Presentazione della Beata vergine Maria al Tempio: Quando Maria «compì l’anno, Gioacchino fece un gran convito: invitò i sacerdoti, gli scribi, il consiglio degli anziani e tutto il popolo di Israele. Gioacchino presentò allora la bambina ai sacerdoti, i quali la benedissero, dicendo: “O Dio dei nostri padri, benedici questa bambina e dà a lei un nome rinomato in eterno in tutte le generazioni”. E tutto il popolo esclamò: “Così sia, così sia! Amen”. La presentò anche ai sommi sacerdoti, i quali la benedissero, dicendo: “O Dio delle sublimità, guarda questa bambina e benedicila con l’ultima benedizione, quella che non ha altre dopo di sé. [...]. Terminato il banchetto, se ne partirono pieni di allegria, glorificando il Dio di Israele. Per la bambina passavano intanto i mesi. Giunta che fu l’età di due anni, Gioacchino disse a Anna: “Per mantenere la promessa fatta, conduciamola al tempio del Signore, affinché il Padrone non mandi contro di noi e la nostra offerta riesca sgradita”. Anna rispose: “Aspettiamo il terzo anno, affinché la bambina non cerchi poi il padre e la madre”. Gioacchino rispose: “Aspettiamo. Quando la bambina compì i tre anni, Gioacchino disse: “Chiamate le figlie senza macchia degli Ebrei: ognuna prenda una fiaccola accesa e la tenga accesa affinché la bambina non si volti indietro e il suo cuore non sia attratto fuori del tempio del Signore”. Quelle fecero così fino a che furono salite nel tempio del Signore.
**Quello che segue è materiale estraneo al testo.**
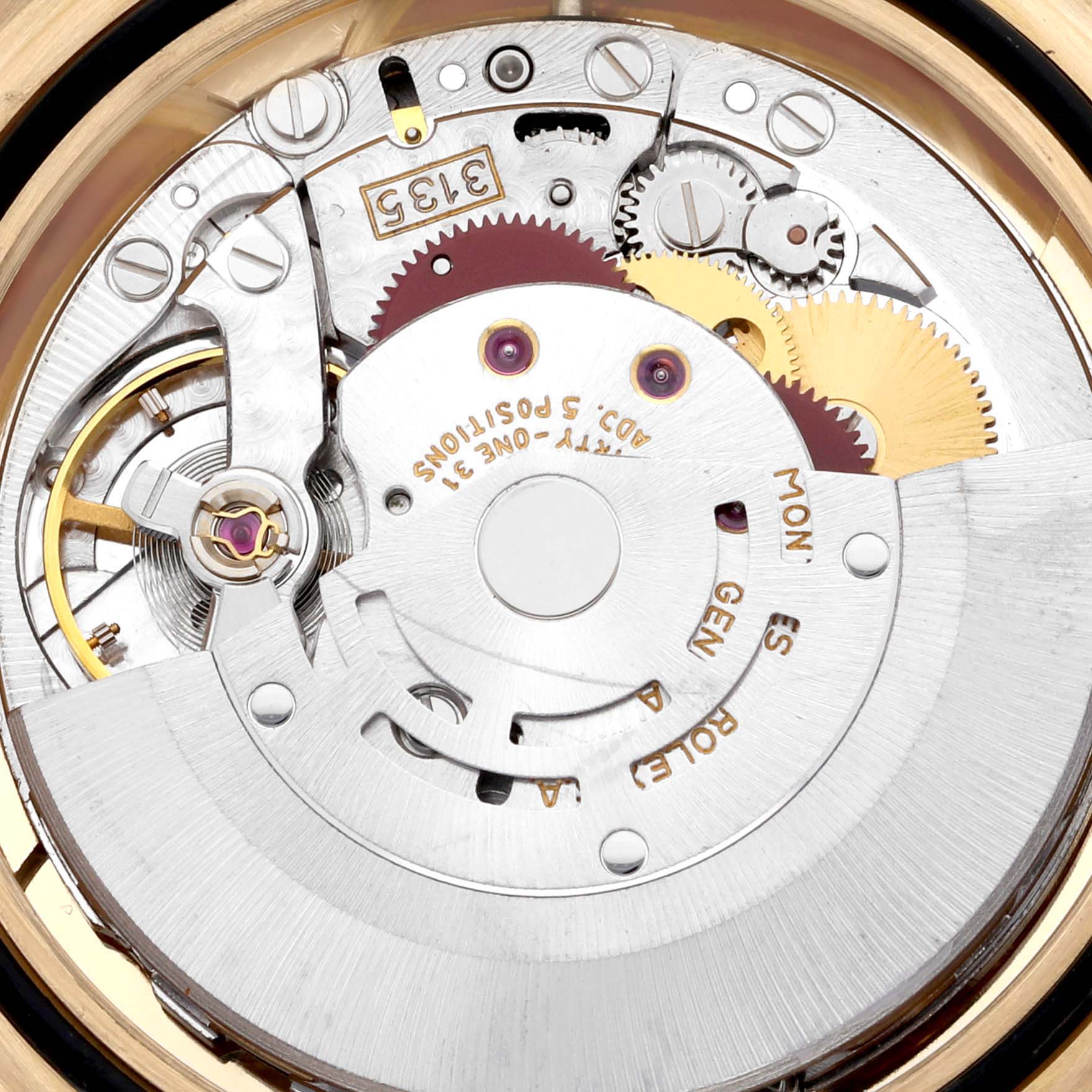 The image shows a close-up of the movement mechanism of a Rolex Submariner 16618 Men's Yellow Gold Blue Dial 16618 Men's Yellow Gold Blue Dial watch from a top-down angle.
Il sacerdote l’accolse e, baciatala, la benedisse esclamando: “Il Signore ha magnificato il tuo nome in tutte le generazioni. Nell’ultimo giorno, il Signore manifesterà in te ai figli di Israele la sua redenzione”. La fece poi sedere sul terzo gradino dell’altare, e il Signore Iddio la rivestì di grazia; ed ella danzò con i suoi piedi e tutta la casa di Israele prese a volerle bene. I suoi genitori scesero ammirati e lodarono il Padrone Iddio perché la bambina non s’era voltata indietro. Maria era allevata nel tempio del Signore come una colomba, e riceveva il vitto per mano di un angelo.» (Protovangelo di Giacomo, 6-8).
Il Protovangelo di Giacomo non è uno scritto ispirato, ma le sue pagine ci fanno comprendere come i credenti anelassero conoscere “qualcosa” della Madre di Gesù, e questo ci suggerisce come Maria fosse amata, venerata, innanzi tutto come serva del Signore, poi come discepola, e ancora come Maestra, e infine Madre di Gesù, vero Dio e vero Uomo, e dolcissima Madre e Regina di tutti gli uomini.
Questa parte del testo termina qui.